Ce rapport qui aurait pu constituer une véritable « révolution », un puissant levier de réforme de la justice, a été tout bonnement mis au rancart. Faute de « volonté politique » dira plus tard feu Issad. Ce dernier aimait son pays et son métier. J’en témoigne. Il souhaitait ardemment que ce rapport, œuvre d’une réflexion collective, et non individuelle, fût mis en œuvre dans l’intérêt et pour le salut de l’Algérie. Il pensait à juste titre que sans justice véritable, fondée sur des règles précises, transparentes, et universellement partagées, il ne puisse y avoir jamais de paix ou de consensus social durable. L’injustice ne suscite rien de moins que mésententes, désordres et révoltes. Le fait que ce projet de réforme auquel il tenait tant et plus n’avait pas été adopté comme il le souhaitait, l’avait ulcéré. Il m’en avait parlé à maintes reprises avec autant d’amertume que de colère.

Le rêve brisé d’une réforme de la justice, plénière et bien « réussie »

La pratique judiciaire en Algérie, et les dérives dangereuses qui en résultent, absorbait l’essentiel de son activité cérébrale, et semblent reléguer à l’arrière-plan ses soucis strictement personnels, familiaux ou sanitaires, dont il ne parlait d’ailleurs jamais.
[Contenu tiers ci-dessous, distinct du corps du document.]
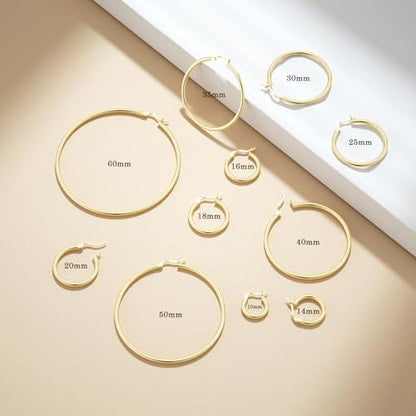 JIAYIQI Sterling Silver Hoop Earrings 18K White Gold Plated Silver Circle Endless Earrings Hoops Jewelry Lightweight Hoop Earring for Women Diameter 10,14,16,18,20,25,30,35,40,50,60mm - style: Gold-14mm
Pour lui, la sécurité et l’avenir du pays, primaient sur tout le reste. Il rêvait d’une Algérie juste, forte et puissante, et dont il avait su dessiner admirablement les contours dans son rapport final remis au Président. Dans ce rapport, comme dans ses déclarations à la presse, il en appelait au pouvoir politique pour qu’il veille au respect des lois de la République et pour qu’il garantisse l’impartialité et l’équité des jugements rendus par la justice. Dans une entrevue que j’avais eu avec lui en date du 3 février 2010, il me livrait ses sentiments d’amertume et de dégoûts en ces termes que j’avais notés sur le champs : « Je suis estomaqué, me disait-il, de constater que la présomption d’innocence est désormais remplacée par la présomption de culpabilité ! » Puis me rapportant les propos qu’il a relevés lui-même de la bouche d’un magistrat, il ajoutait : « ce juge me disait : je mets en prison X, sans enquête préalable, et c’est comme ça que je travaille ! ». Face au comportement irrationnel de notre justice, et face à la légèreté et l’incompétence avec lesquelles certains de nos juges oublieux de leur devoir éthique et moraux, traitent les présumés innocents en coupables, feu Issad ne pouvait contenir sa colère et son indignation contre ces pratiques qualifiées par lui de « perverses ». La mise sous mandat de dépôt avant l’enquête, en est une. Elle le révolte : « Les gens meurent en prison, après quoi, on les innocente ! » Ou bien : « ils y croupissent pendant des années avant d’être innocentés, sans dédommagements pour les blessures morales et physiques qu’on leur a infligées. » Le nouveau Code Civil serait un condensé d’injustice, selon le défunt professeur.

De la reconnaissance de l’Etat et de la nation…

Compétent, probe, intègre, et rigoureux, mais coléreux et irascible, il est vrai, Issad était un homme habité par la passion de la justice et par le sens de l’Etat dont il conditionnait la stabilité et la pérennité à une application strict et uniforme des principes du droit. Il rêvait donc d’une Algérie régie par des lois justes et équitables et dans lesquelles il voyait la grande rançon de la pacification des rapports sociaux, condition sine qua non du progrès économique et de la consolidation de l’Etat-nation, point de vue que nous partagions. Le rêve qu’il caressait de voir son rapport de réforme de la justice appliqué sur le terrain s’était brisé de son vivant comme un atome en mille morceaux. Ce projet avorté, pulpe amère de ses déboires de vivant, le poursuivra sans doute au-delà de la mort qui vient de l’emporter de manière abrupte, et injuste ! Que Dieu élève son âme au Paradis…
L’Etat, et tous les collègues, avocats et juges, qui l’ont aimé et côtoyé de près, devraient œuvrer pour qu’une rue ou un boulevard, à Alger, soit baptisé en son nom.